Source data:

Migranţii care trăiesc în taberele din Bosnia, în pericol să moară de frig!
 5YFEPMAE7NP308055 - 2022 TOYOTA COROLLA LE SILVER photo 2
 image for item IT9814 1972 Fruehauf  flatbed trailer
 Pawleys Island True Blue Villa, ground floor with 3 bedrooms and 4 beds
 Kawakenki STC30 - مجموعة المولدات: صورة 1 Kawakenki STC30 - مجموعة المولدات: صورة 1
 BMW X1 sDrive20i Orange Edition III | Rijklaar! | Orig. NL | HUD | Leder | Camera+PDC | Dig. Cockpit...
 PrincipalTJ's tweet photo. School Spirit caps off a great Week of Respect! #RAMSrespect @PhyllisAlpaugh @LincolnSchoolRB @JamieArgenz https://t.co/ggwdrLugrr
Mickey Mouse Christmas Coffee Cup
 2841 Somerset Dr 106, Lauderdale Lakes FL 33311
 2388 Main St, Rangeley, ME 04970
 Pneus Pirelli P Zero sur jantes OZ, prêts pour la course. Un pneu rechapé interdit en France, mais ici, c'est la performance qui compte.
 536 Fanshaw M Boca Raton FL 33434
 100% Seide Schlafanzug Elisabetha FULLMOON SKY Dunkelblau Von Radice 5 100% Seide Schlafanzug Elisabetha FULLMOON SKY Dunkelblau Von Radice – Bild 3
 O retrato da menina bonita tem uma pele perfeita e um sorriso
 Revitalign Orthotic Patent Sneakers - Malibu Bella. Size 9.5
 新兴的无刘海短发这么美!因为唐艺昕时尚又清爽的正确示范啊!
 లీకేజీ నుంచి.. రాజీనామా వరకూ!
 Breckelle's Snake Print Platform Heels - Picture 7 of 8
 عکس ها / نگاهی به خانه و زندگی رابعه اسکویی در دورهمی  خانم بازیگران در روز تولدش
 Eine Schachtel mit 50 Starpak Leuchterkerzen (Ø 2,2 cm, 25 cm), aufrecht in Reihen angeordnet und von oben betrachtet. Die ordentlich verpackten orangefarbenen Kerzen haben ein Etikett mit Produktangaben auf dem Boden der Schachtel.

[WORK REQUIRED] Transcribe only the trailing portion of the entries above: the line that contains "2388 Main St, Rangeley, ME 04970" and each line after it.

[FINAL ANSWER]
 2388 Main St, Rangeley, ME 04970
 Pneus Pirelli P Zero sur jantes OZ, prêts pour la course. Un pneu rechapé interdit en France, mais ici, c'est la performance qui compte.
 536 Fanshaw M Boca Raton FL 33434
 100% Seide Schlafanzug Elisabetha FULLMOON SKY Dunkelblau Von Radice 5 100% Seide Schlafanzug Elisabetha FULLMOON SKY Dunkelblau Von Radice – Bild 3
 O retrato da menina bonita tem uma pele perfeita e um sorriso
 Revitalign Orthotic Patent Sneakers - Malibu Bella. Size 9.5
 新兴的无刘海短发这么美!因为唐艺昕时尚又清爽的正确示范啊!
 లీకేజీ నుంచి.. రాజీనామా వరకూ!
 Breckelle's Snake Print Platform Heels - Picture 7 of 8
 عکس ها / نگاهی به خانه و زندگی رابعه اسکویی در دورهمی  خانم بازیگران در روز تولدش
 Eine Schachtel mit 50 Starpak Leuchterkerzen (Ø 2,2 cm, 25 cm), aufrecht in Reihen angeordnet und von oben betrachtet. Die ordentlich verpackten orangefarbenen Kerzen haben ein Etikett mit Produktangaben auf dem Boden der Schachtel.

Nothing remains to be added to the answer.